What is being asked:
Restate the listing below word for word; no pictures belong in the copy.
(Task data begins)
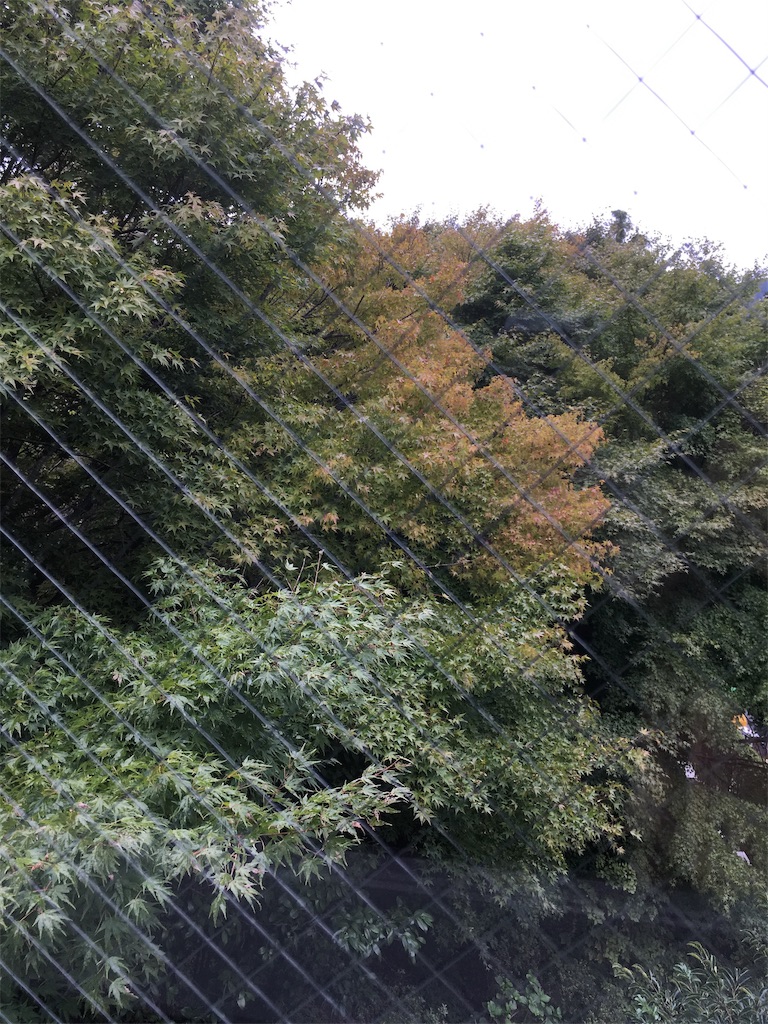 f:id:chee-tama:20181005214418j:image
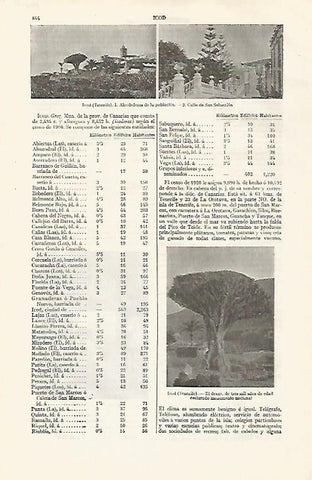 LAMINA ESPASA 30310: Vistsa de Icod Tenerife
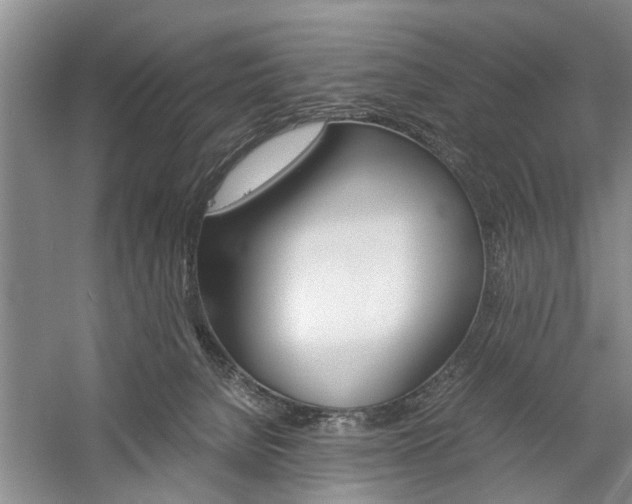 X0000059780080200510210906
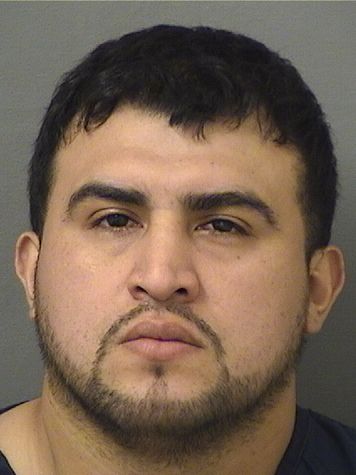  GERSON ANCAVALDIVIA Results from Palm Beach County Florida for  GERSON ANCAVALDIVIA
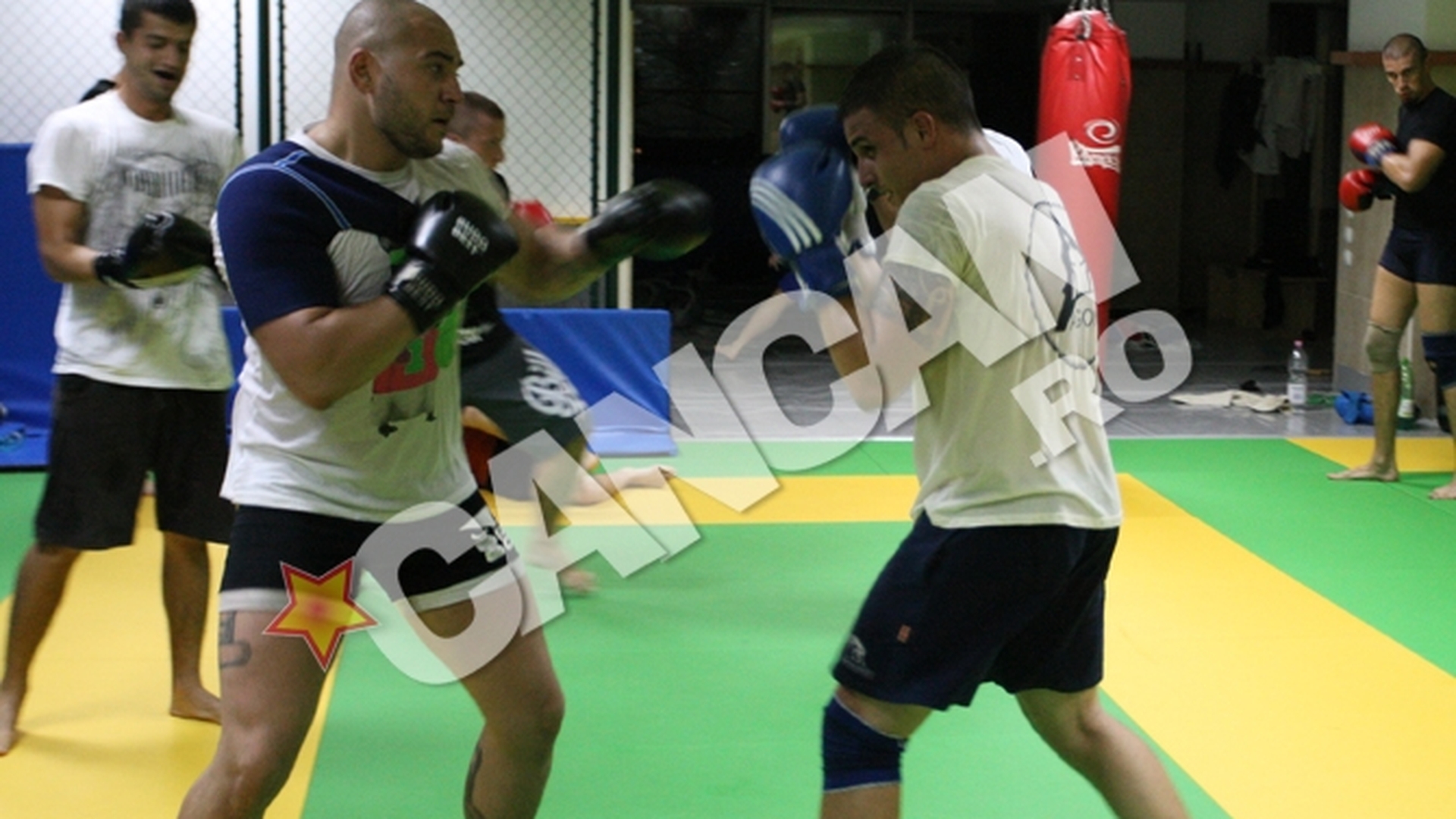 Fiul doctorului Ciomu se antreneaza cu "Ursul Carpatin" sa debuteze in MMA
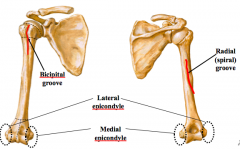 Distal Humerus 
a.	Radial (spiral) groove	
•	“groove” for radial nerve as it travels posterior to humerus
b.	Trochlea
c.	Capitulum
d.	Three fossa of the distal humerus 
•	Olecranon fossa – posterior surface
•	Coronoid fossa – anterior surface
•	Ra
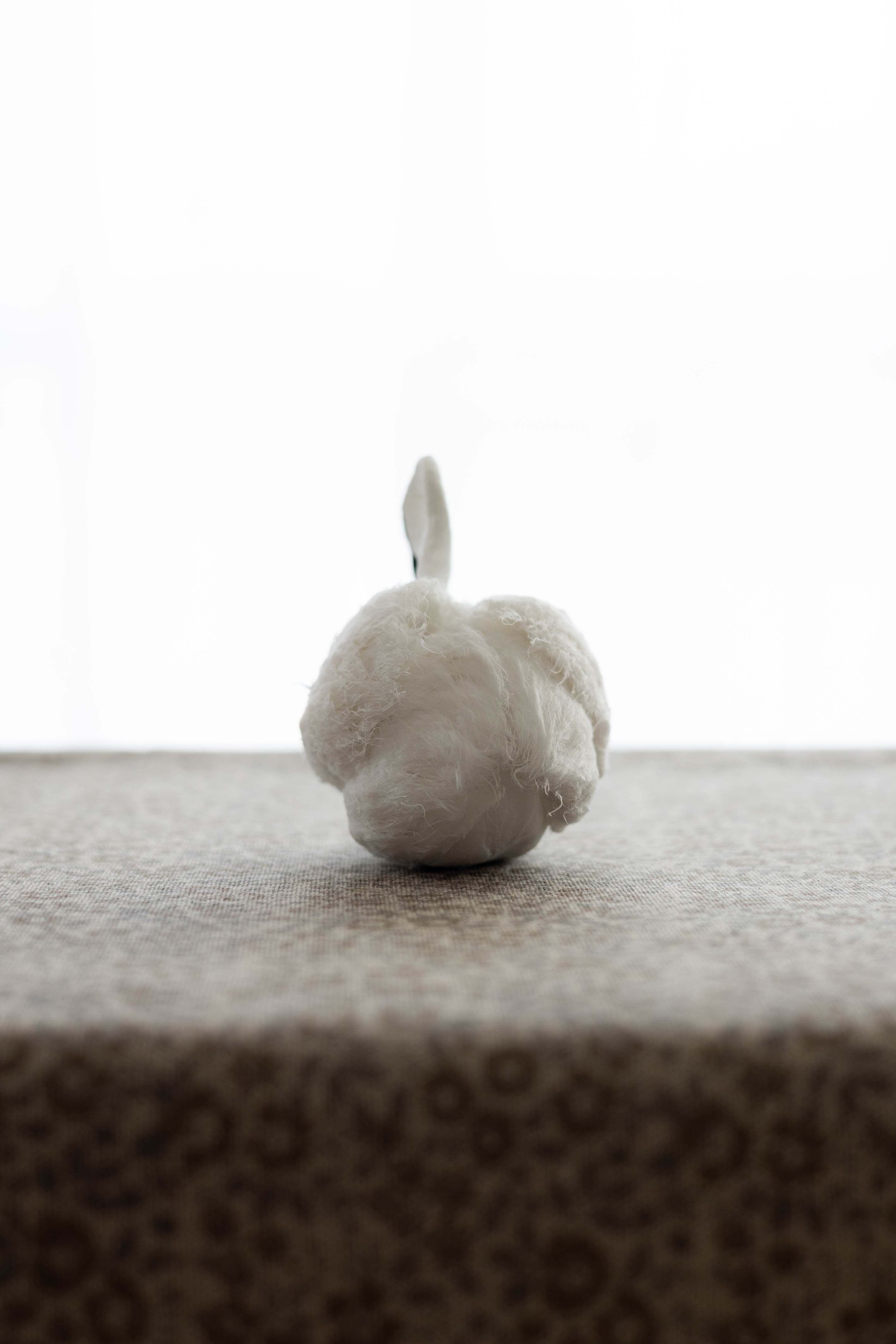 Swan No.002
(Task data ends)
Response to the task:
 f:id:chee-tama:20181005214418j:image
 LAMINA ESPASA 30310: Vistsa de Icod Tenerife
 X0000059780080200510210906
  GERSON ANCAVALDIVIA Results from Palm Beach County Florida for  GERSON ANCAVALDIVIA
 Fiul doctorului Ciomu se antreneaza cu "Ursul Carpatin" sa debuteze in MMA
 Distal Humerus 
a.	Radial (spiral) groove	
•	“groove” for radial nerve as it travels posterior to humerus
b.	Trochlea
c.	Capitulum
d.	Three fossa of the distal humerus 
•	Olecranon fossa – posterior surface
•	Coronoid fossa – anterior surface
•	Ra
 Swan No.002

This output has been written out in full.